In operation, as will be known to those of ordinary skill in the art, signal 22, when logically high, activates transistor 33. Such transistor activation causes current to flow from the voltage source 36 through tile drain of transistor 33 and onto bus 40'. Signal 20, when logically high, activates transistor 34. Such transistor activation provides a current path from bus 40' to electrical ground 38. Concomitant deactivation of transistors 33 and 34 (i.e. when signals 20 and 22 are each logically low) places bus 40' in a tri or high impedance state and prevents current from either sourced or sunk.
As will be appreciated, inverters 26, 28, and 32 cooperate with transistor 33 to selectively generate current to bus 40' while inverters 30 and 32 cooperate with transistor 34 to provide a "current sink" circuit. Since these circuits are dissimilar (i.e. each having a different number of circuit elements 26, 28, 30 and 31, 32), they activate respective transistors 33 and 34 at different time intervals after receipt of respective signals 22, 20. These different activation time intervals are caused by the cumulative delay differences between the respective first phase comparator output signal reception element (i.e. 26 or 30) and the respective target transistor (i.e. 33 or 34). These delay disparities result in many of the previously-discussed difficulties.
Moreover, since transistors 33 and 34 are normally operated in a low impedance output state it is difficult, due to transistor fabrication constraints, to match such dissimilar N-type and P-type transistors. Such matching difficulties in combination with variations in the current output from the voltage source causes unequal current source and sink amplitudes. It should be apparent to those of ordinary skill in the art that such amplitude differences will degrade charge pump performance.
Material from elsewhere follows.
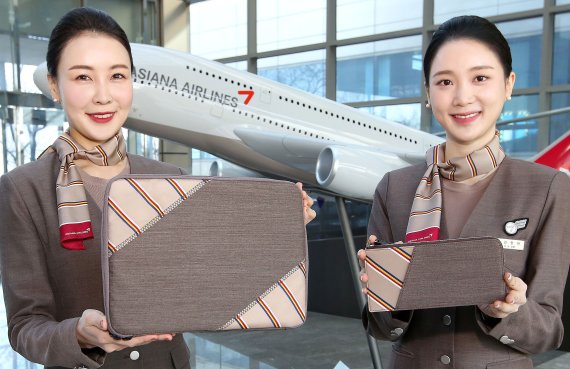 아시아나항공 승무원들이 회수한 유니폼을 이용해 제작한 업사이클링 제품인 태블릿 파우치를 소개하고 있다. 아시아나항공 제공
Referring now to FIG. 3, there is shown a second prior art charge pump circuit 24" which differs from circuit 24' by the use of bipolar transistors 35 and 37 and respective biasing resistors 39, 41, 42, and 43 in place of transistors 33 and 34. Specifically, resistors 42 and 43 are respectively coupled to the base and emitter of transistors 35 and 37. Resistors 41 and 39 are respectively coupled to inverters 30' and 32' and to resistors 42 and 43.
The operation of circuit 24" is substantially similar to that of circuit 24' in that logically high signals 22 and 20 respectively cause current to flow from the collector of transistors 35 and 37, thereby selectively sourcing and sinking current. When signals 22 and 20 are logically low, resistor pairs 41, 42 and 39, 43 respectively provide a path which applies the potential of source 36' to the base of transistor 35 and discharges current from the base of transistor 37 to ground, thereby preventing substantially any current from being sourced or sunk.
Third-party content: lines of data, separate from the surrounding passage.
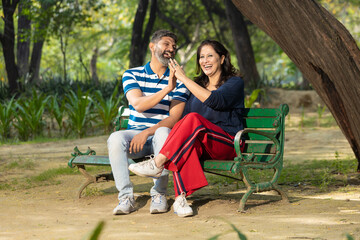Indian couple laughing and giving happy expression.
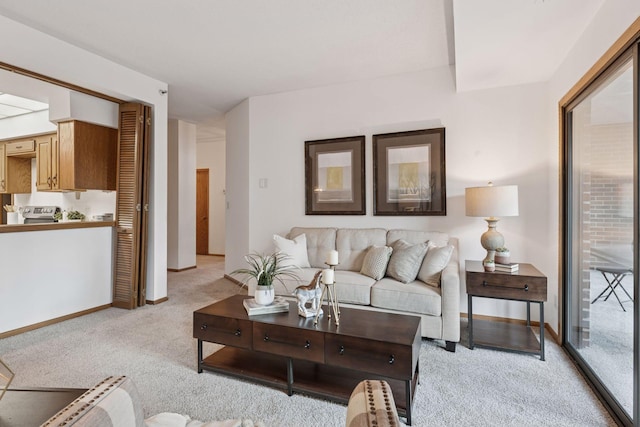 1235 Yale Pl Unit 207, Minneapolis, MN 55403 - living area featuring baseboards and light carpet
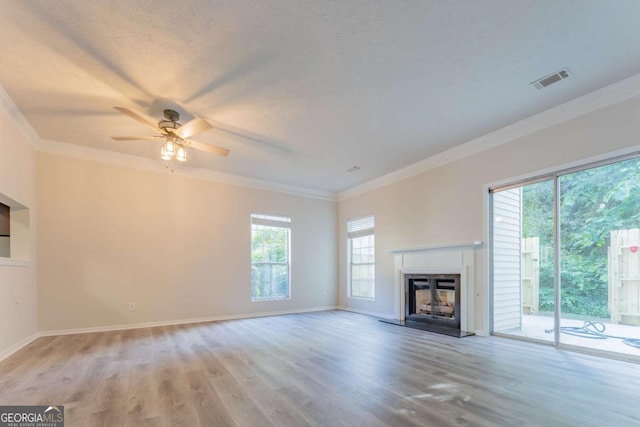 unfurnished living room with light wood-type flooring, ornamental molding, plenty of natural light, a fireplace with raised hearth, and a ceiling fan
While circuit 24" adequately and selectively sources and sinks current it suffers from the same drawbacks as previously described with respect to circuit 24'. Moreover, it should be appreciated that circuits 24' and 24" have been described without reference to the manner in which signal 18 (shown and previously described with reference to FIG. 1) is generated. Such description is not necessary to adequately illustrate the various deficiencies associated with these prior charge pump circuits.
Therefore, there is a need to provide a charge pump circuit having substantially identical source and sink current amplitudes, substantially identical source and sink activation time intervals, relatively low static power utilization, and having currents that are relatively insensitive to variations in voltage supply output current.